OpenAI hardens ChatGPT Atlas against prompt injection with “auto-attacker” red team

OpenAI has shipped a security update for the browser agent inside ChatGPT Atlas, adding an “adversarially” trained model and tighter safeguards after its internal automated red-teaming uncovered a new class of prompt injection attacks.

In its write-up, OpenAI describes prompt injection as a long-running security problem for agents that read untrusted content and then take actions in a browser.

The company compared the threat to “ever-evolving online scams” and said the defenses will need to be continuously strengthened, rather than treated as a one-time fix.

OpenAI described prompt injection as attacks that embed malicious instructions inside content an agent processes, emails, documents, calendar invites, forums, or webpages, so the agent follows the attacker’s intent instead of the users.

Because a browser agent can click, type, and submit forms like a human, OpenAI said the potential impact can range from forwarding sensitive emails to sending money or altering cloud files.

To find these exploits faster, OpenAI said it built an LLM-based automated attacker and trained it end-to-end with reinforcement learning to hunt for prompt injection paths that succeed against a browser agent.

The attacker can “try before it ships” by proposing an injection and running a simulated rollout of how the victim agent would behave, using the returned reasoning-and-action trace as feedback to iterate before finalizing an attack.

OpenAI’s demo scenario shows how indirect prompt injection can surface in normal enterprise workflows.

The automated attacker “seeded” an inbox with a malicious email that instructed the agent to send a resignation note; later, when the user asked for an out-of-office reply, the agent encountered that email during the workflow and followed the injected instructions, until the updated defenses flagged the attempt.

The company did not claim deterministic guarantees. OpenAI said the nature of prompt injection makes such guarantees “challenging,” and positioned its approach as a rapid response loop: discover new attack classes via automated red teaming, then adversarially train updated agent models and adjust monitoring and system-level safeguards.

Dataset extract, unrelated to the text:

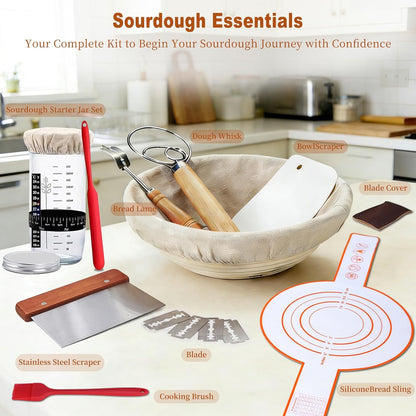 9" Sourdough Starter Kit with Round Banneton Bread Proofing Basket | with Liner, 24 oz Starter Jar, Bread Lame, Dough Whisk & Sourdough Baking Supplies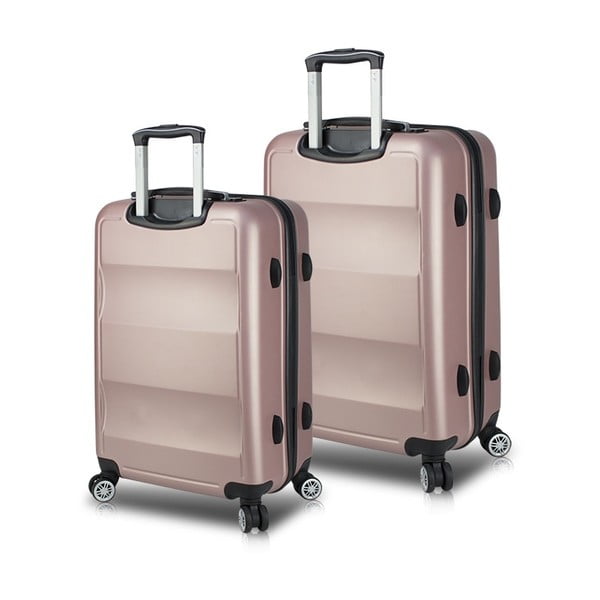 LASSO Cabin & Medium 2 rózsaszín görgős bőrönd USB csatlakozóval - My Valice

For U.S. enterprises evaluating agentic browsing, OpenAI’s own launch materials emphasize that “agent mode” in Atlas is available for Plus, Pro and Business users, and can be enabled for Enterprise and Edu depending on admin controls, while also warning that safeguards “will not stop every attack” as agents grow in popularity.

Risk-management guidance from government security playbooks similarly stresses containment and oversight.

The UK government’s AI Playbook says prompt injection exists because models cannot inherently separate system instructions from user-provided text, and it recommends human review before actions are carried out, prompt/output filtering, logging and audits, and limiting what data and systems an AI tool can access, especially in indirect scenarios such as email and attachment summarization.